MAD-4A wrote:Wormholes 'project' into and out of hyperspace. They don't have a 'hyper generator' turning on and off, and, I guess you are saying that there is some 'magic' shield around a star system. I have seen no text stating that 'nothing can be projected into hyperspace' - the fact that there are wormholes disproves this, as they 'project' other things (ships) into and out of hyper.
1) Yes wormhole are described as
Honor Among Enemies wrote:Although it was called a "wormhole" by spacers and the public, astrophysicists decried the misuse of that term. It wasn't totally inappropriate, but in effect the Junction was a crack in the universe where a grav wave even more powerful than one of the "Roaring Deeps" had breached the wall between hyper-space and normal-space. For all intents and purposes, it was a frozen funnel of h-space, and not a calm one, for the grav wave twisting endlessly through it was extremely potent.
. But even they have always been found beyond the hyper limit of a star (usually way beyond).
2) There's never been a hint that anything less powerful than a wormhole can project mater through the Alpha without entirely crossing. (Ships can, when outside the hyper limit formed by the mass of the star or nearby Jovian or wormhole termini, but only when they and their hyper generator cross together)
3) Ships still need a hyper generator to enter a wormhole. (And a sail to avoid being torn apart on approach by it's grav eddies) So even wormholes, while they project gravity across the alpha wall don't allow object w/o hyper generators to cross.
MAD-4A wrote:You need a system to 'open a hole into hyper' to send something through. For a starship, this is produced by sails and a hyper-generator that it takes with it so it can get back out again.
Sail are NOT needed to enter hyper. Survey ships used hyper for centuries before the invention of sails; heck before the invention of impeller drive. All you need to enter hyper is a hyper generator (and to be outside any hyper limit).

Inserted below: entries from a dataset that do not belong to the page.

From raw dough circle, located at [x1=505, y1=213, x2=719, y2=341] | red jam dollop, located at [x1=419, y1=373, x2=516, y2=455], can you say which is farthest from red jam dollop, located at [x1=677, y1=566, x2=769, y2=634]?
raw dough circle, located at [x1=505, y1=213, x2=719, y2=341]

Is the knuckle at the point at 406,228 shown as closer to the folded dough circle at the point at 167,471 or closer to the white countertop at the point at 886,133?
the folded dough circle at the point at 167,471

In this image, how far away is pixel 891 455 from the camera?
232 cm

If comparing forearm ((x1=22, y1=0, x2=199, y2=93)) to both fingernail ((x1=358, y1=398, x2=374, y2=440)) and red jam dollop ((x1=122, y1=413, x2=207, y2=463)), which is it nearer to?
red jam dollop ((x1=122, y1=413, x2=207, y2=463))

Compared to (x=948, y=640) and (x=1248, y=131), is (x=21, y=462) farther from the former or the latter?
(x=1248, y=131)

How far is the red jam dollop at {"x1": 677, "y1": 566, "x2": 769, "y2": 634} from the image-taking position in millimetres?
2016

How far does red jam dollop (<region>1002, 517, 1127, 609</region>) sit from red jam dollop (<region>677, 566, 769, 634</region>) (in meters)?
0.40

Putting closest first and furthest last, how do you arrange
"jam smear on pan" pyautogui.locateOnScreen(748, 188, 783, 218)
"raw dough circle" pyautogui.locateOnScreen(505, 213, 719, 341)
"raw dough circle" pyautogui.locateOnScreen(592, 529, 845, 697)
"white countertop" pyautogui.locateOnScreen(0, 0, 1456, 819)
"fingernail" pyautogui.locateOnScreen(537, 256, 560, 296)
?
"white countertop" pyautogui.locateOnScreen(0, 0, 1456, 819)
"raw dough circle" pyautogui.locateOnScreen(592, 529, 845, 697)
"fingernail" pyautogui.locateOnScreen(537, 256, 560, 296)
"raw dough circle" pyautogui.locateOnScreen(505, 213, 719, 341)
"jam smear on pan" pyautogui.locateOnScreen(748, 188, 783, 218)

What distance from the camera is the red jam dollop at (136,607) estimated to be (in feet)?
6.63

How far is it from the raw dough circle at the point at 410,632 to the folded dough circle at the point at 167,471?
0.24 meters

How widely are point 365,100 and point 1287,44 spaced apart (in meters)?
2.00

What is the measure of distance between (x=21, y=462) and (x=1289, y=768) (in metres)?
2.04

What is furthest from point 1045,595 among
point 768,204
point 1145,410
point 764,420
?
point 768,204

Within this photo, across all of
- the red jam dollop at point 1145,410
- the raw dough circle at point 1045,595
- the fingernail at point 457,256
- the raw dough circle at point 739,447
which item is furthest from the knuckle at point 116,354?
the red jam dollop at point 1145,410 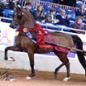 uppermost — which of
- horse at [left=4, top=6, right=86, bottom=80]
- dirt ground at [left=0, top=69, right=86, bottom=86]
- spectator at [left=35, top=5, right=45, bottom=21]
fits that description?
spectator at [left=35, top=5, right=45, bottom=21]

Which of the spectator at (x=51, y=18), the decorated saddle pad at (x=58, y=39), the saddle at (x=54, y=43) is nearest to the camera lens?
the saddle at (x=54, y=43)

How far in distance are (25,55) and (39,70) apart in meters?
0.66

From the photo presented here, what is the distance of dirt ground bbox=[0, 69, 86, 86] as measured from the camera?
10289 mm

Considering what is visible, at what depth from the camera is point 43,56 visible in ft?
41.7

What you do need sails for is to survive entering and traveling along a) a grav wave or b) a wormhole. But if you stick to the rifts (the majority of hyper tha lies outside any 'wave) you never need (or could even use) sails.
MAD-4A wrote:moving between N-space and H-space requires 'opening a hole and slipping through,' this means a 'hole' of adequate size. For a starship, this means a huge hole big enough to get through, it is also accelerating past c at the same time. There is a major difference between the mass and structural strength of a multi-thousand ton starship and a multi-hundred pound projectile. The requirements needed to project a small object is much less than what is needed to project (which is what we're doing with the generator) a starship, into and out of hyper - that's BASIC physics.
No ships do not 'accelerate past c'. This isn't Star Wars or Star Trek where you stream out from psuedo-acceleration as you jump to hyper.
Ships only lose velocity entering (or leaving) hyper - they're never accelerated by it. The table from MtH shows that entering or leaving hyper cuts your pre-transfer velocity by 92%. (And heck if you try to transfer into hyper at above 0.3c your ship goes *poof* and everybody dies.
First a useful anti-ship projectile weapon in the honorvers is going to be at least multi-tons, not just hundreds of points (at the start of the series capital missiles were around 80 tons and the warhead was probably at least a few of them).
But more important you didn't explain why if, as you claim, effective hyper limit
must vary by size of opening a 38,000 ton dispatch boat and a 8,500,000 ton (more than 200x larger) SD(P) don't have different hyper limits. If lighter ships could enter or leave hyper closer to the star that absolutely should have come up as a tactical consideration.
But nothing in the books ever talks about anything affecting the size of a hyper limit except the mass of the object at it's center.
And if, as it seems, the inability to enter/leave hyper is caused by the spacetime curvature of that object's mass it would make sense that just as acceleration of an object (in vacuum) in a gravity field isn't affected by it's own size/mass that the ability of a hyper field to have a 'flat' enough surface to work also isn't influenced by it's own mass.